I watched as an unmarried coworker of mine spent money on fun things like motorcycles and vacations. His life was relatively carefree and still was all about him. He could do what he wanted when he wanted. My life as a mom, on the hand, was not so glamorous. Before we had kids my husband and I came close to buying a type of 3 wheeled motorcycle called a Spyder. We decided to pass on it since we were hoping God would bless us with a child soon (which He did), and we realized that a Spyder and parenthood did not go together. Sometimes we still talk about our dream of cruising around on a Spyder, but we know that dream won’t be realized for years, if ever. We also would love to own a house. We have a nice condo, but someday we hope to have a backyard, an attached garage for my husband to setup a workshop in, and space… oh how wonderful it would be to have space! Yet again we find that with daycare expenses we cannot afford a house. When I was single I thrived on “me time,” but such time has become very limited now. Whereas being a mom is a wonderful blessing, it can be exhausting at times too.
These feelings started to get the best of me and left me rather confused. I wanted to be a wife and mother, and I adored my son (when this took place I only had one) and husband. I tried to handle those confusing feelings by focusing on how to make me happy again. I started spending more time with friends and doing more of what I wanted. Whereas at times I enjoyed catering to myself, in my core I was still unhappy. Fortunately God stopped me before I got too far down a bad path. Suddenly I found myself pregnant and listening to a sermon that could have been written just for me the way it nailed me to the cross. The priest eloquently explained how our lives can get off balance when we try to make ourselves the center of it. That was exactly what was happening to me! That moment was a turning point.

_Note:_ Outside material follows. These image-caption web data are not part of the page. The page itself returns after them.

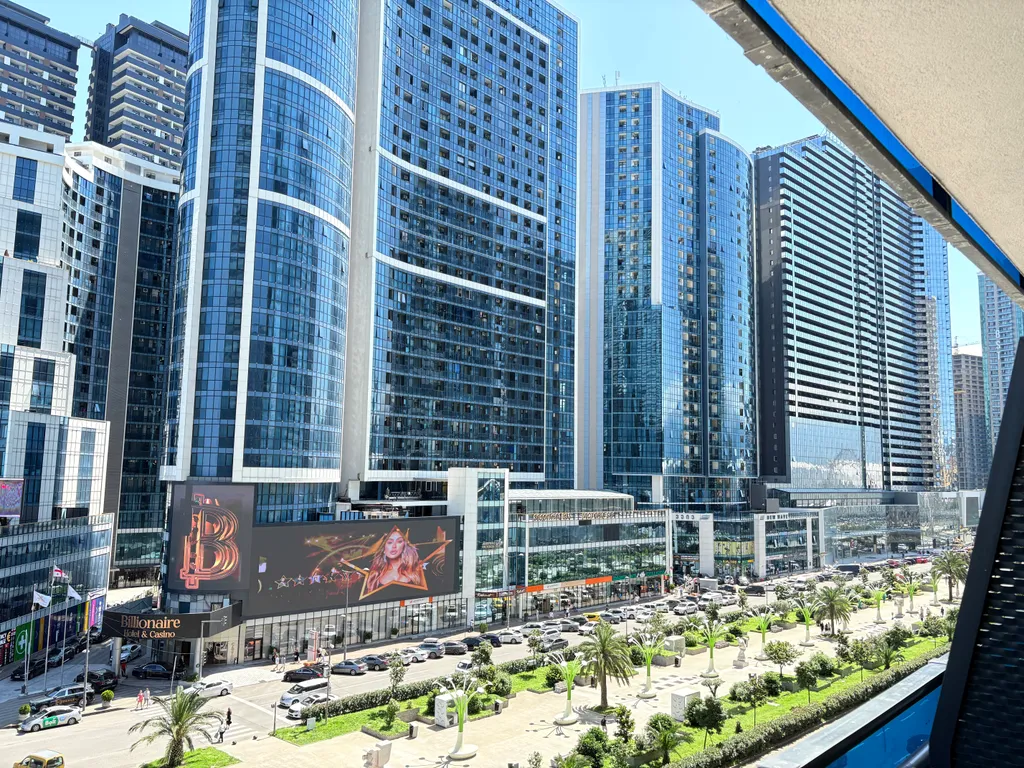 Квартира Квартира 2-комнатный апартамент с видом на Аллею Героев — Батуми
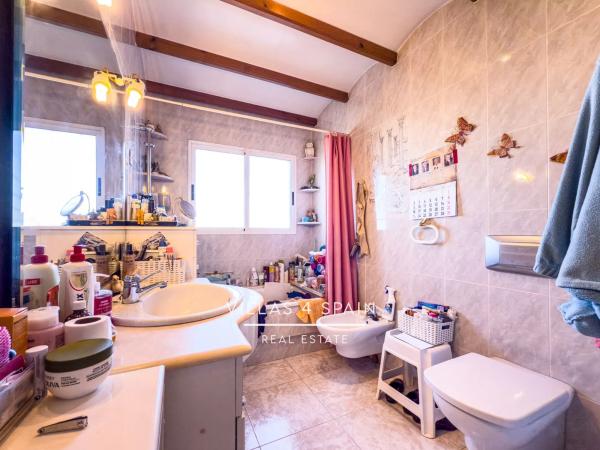 Casa independiente en avenida del Recorral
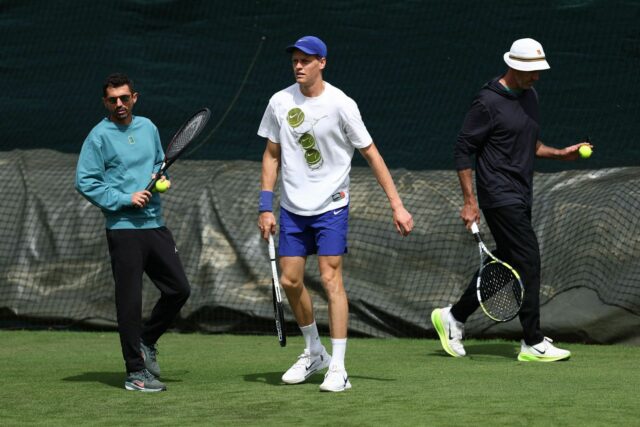 Jannik Sinner vo Wimbledone 2025. (Foto: Getty)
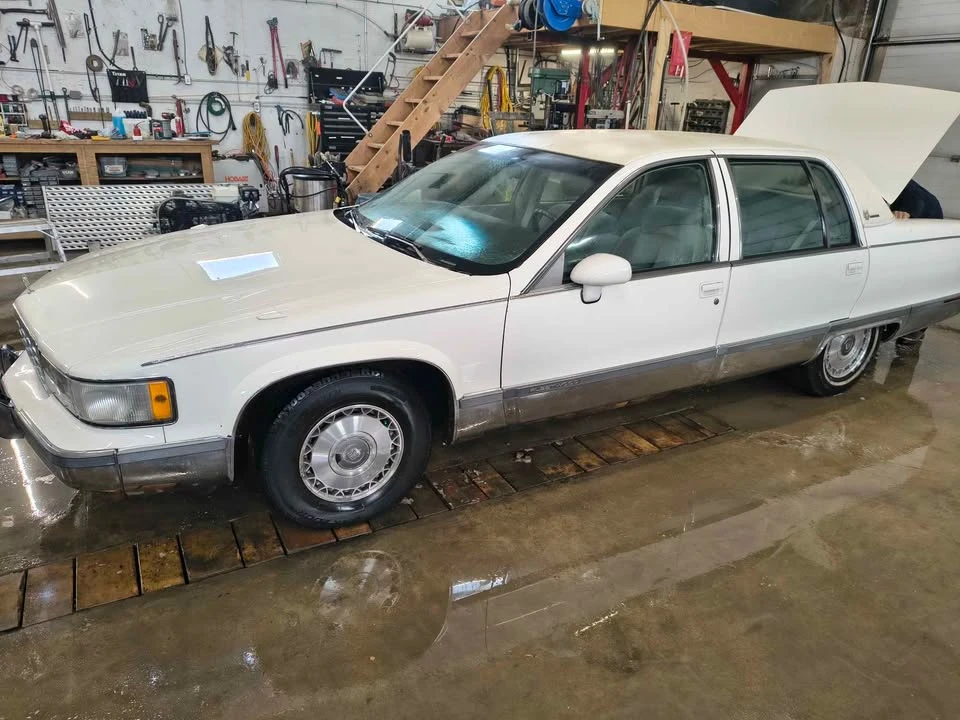 1993 Cadillac Fleetwood - Image 3 of 6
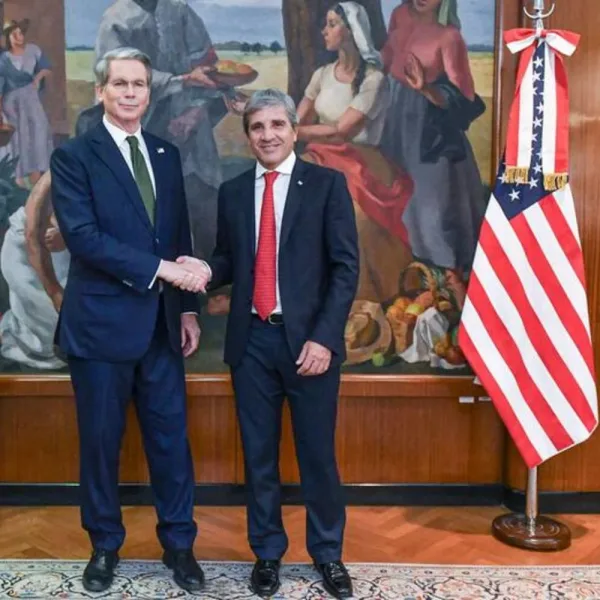 Bessent habló con Caputo y reiteró que “está preparado para hacer lo necesario”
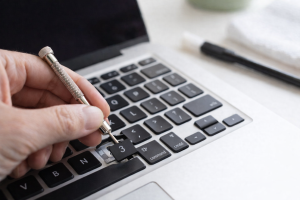 Enkla instruktioner för att ta bort tangenter från en laptop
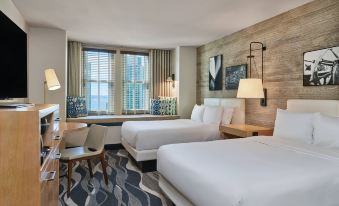2. Hotel Re..
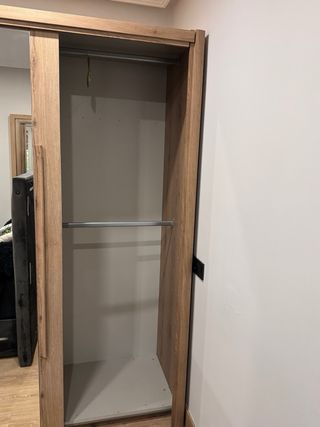 Guardaroba con ante scorrevoli in legno e vetro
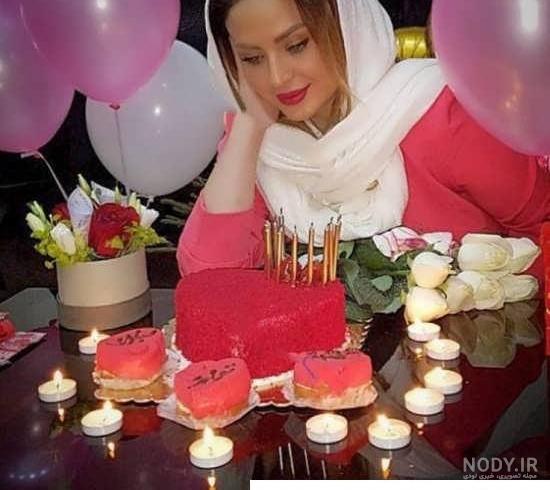 ژست عکس تولد بزرگسالان در فضای باز - عکس نودی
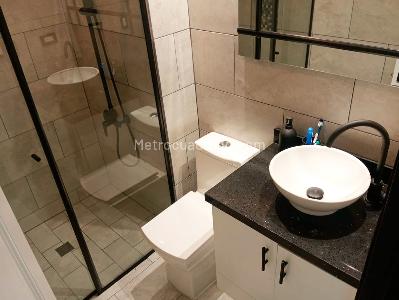 Apartamento de 4 alcobas en venta en Laureles, Medellín, 249 m² · foto 17 de 19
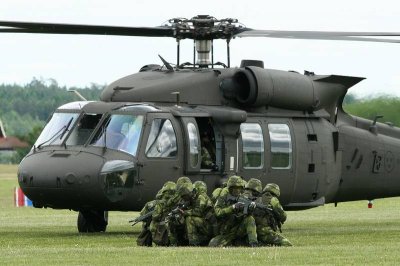Латвийская армия обзаведется четырьмя вертолетами UH-60M Black Hawk - «Военные действия»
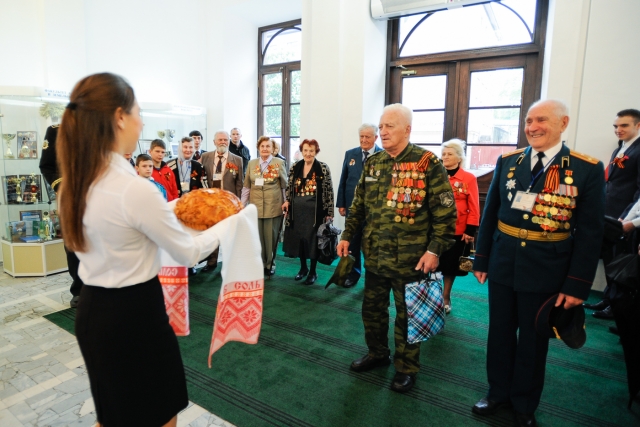Делегация ветеранов Донецкой области прибыла на Ставрополье на празднование Дня Победы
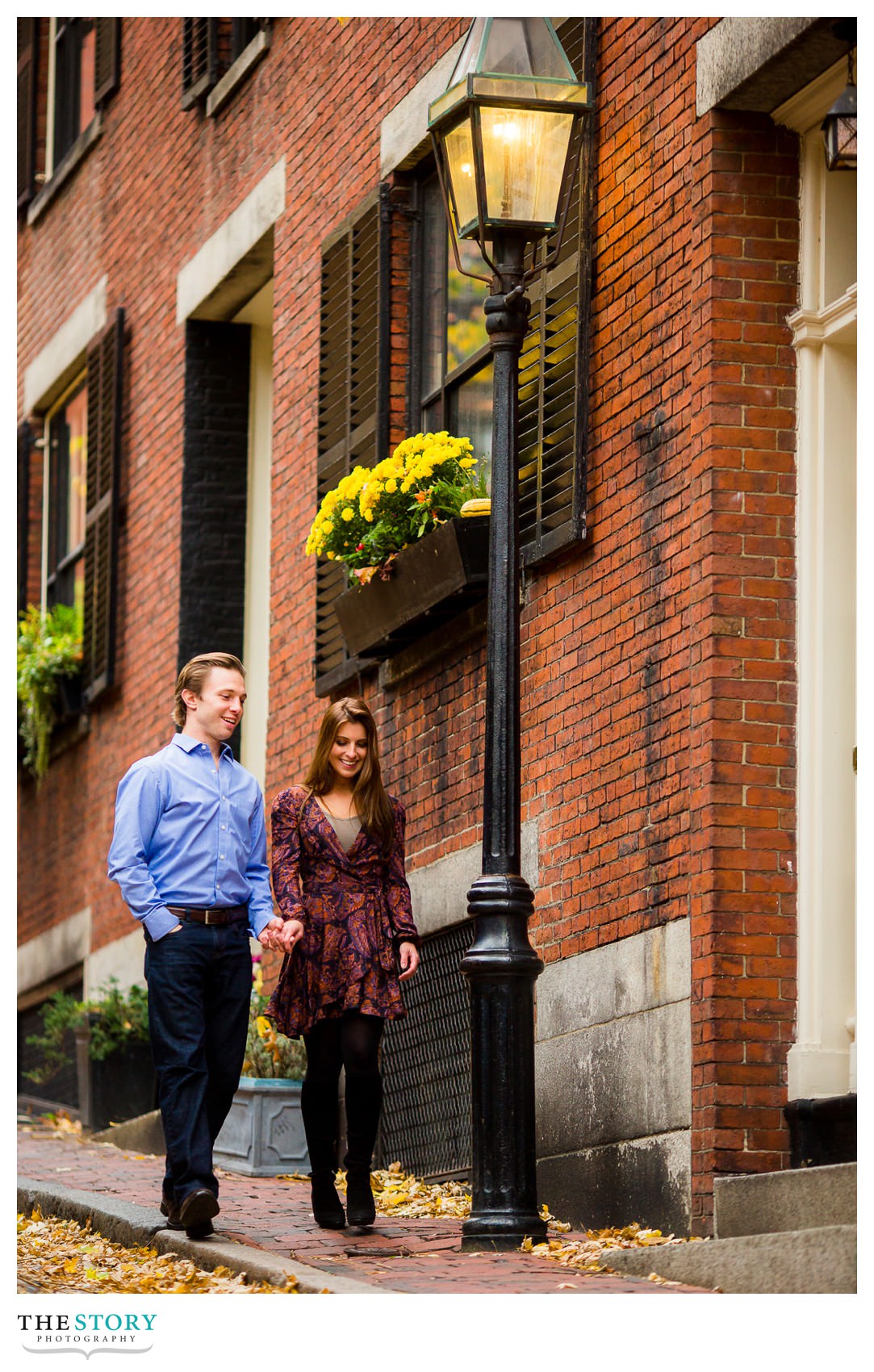 acorn street engagement photos in Beacon Hill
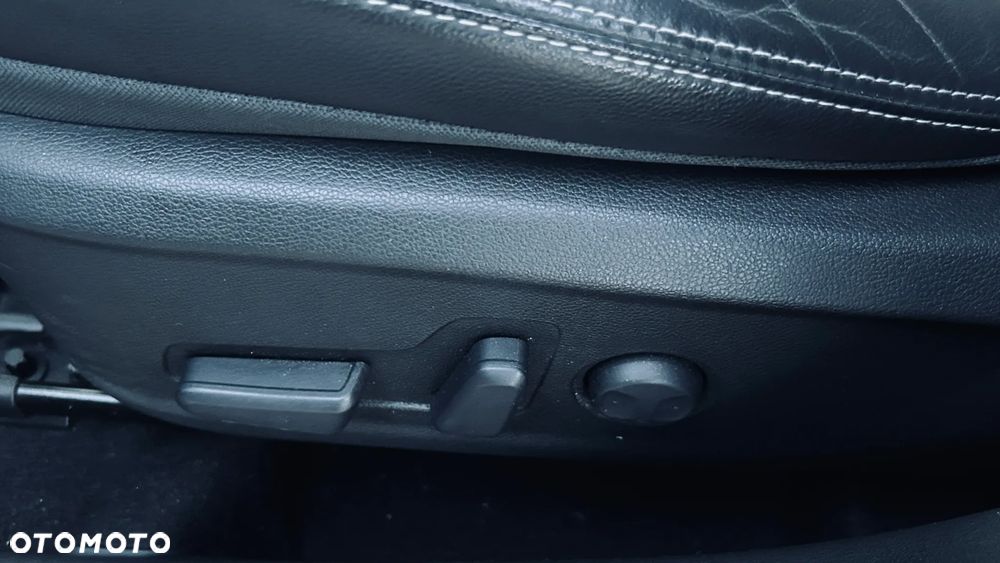Hyundai Kona - 16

Now I’m amazed to find that I’m glad it’s not all about me because it’s about something greater than me. Ironically, seeking my own happiness made me unhappy. When I started focusing on caring for my family, however, I began to feel fulfilled again. Instead of focusing on me (my wants, my needs), I changed my focus to Someone greater than me. With that simple change in perspective, there was suddenly meaning in the simpleness of my life. Being a wife and mother was now a vocation and a way to serve and grow in faith and love. It is in caring for my family that I experience God’s love for me. When I am the center of my life instead of God, then the purpose of my life becomes pleasing me, which I can’t ever really do because we were meant to live in companionship with our Creator, and without His love we will always feel incomplete and unfulfilled.
To be clear, I’m not suggesting neglecting your own well being, nor do I mean to imply that every selfish tendency has been magically wiped from my being. My point is simply that it was my experience that focusing on loving others (as brought about in my case by my vocation as a spouse and mother) has made my life one that I enjoy and is meaningful to me. My suggestion to anyone who is feeling lost, confused or unhappy– who is wondering if the grass is greener on the other side or if they are on the right path, is to focus on what is most important to you rather than on yourself. Really dive into caring for the people that matter most to you as if it were your job. Have fun with it too! I hope you’ll find as I did how powerful a simple change in perspective can be.
Please share with me. Did getting married or having kids help you discover a better version of yourself? Did you ever feel like you got off track, and what helped you get back on track? How do you keep your life focused on what is important to you?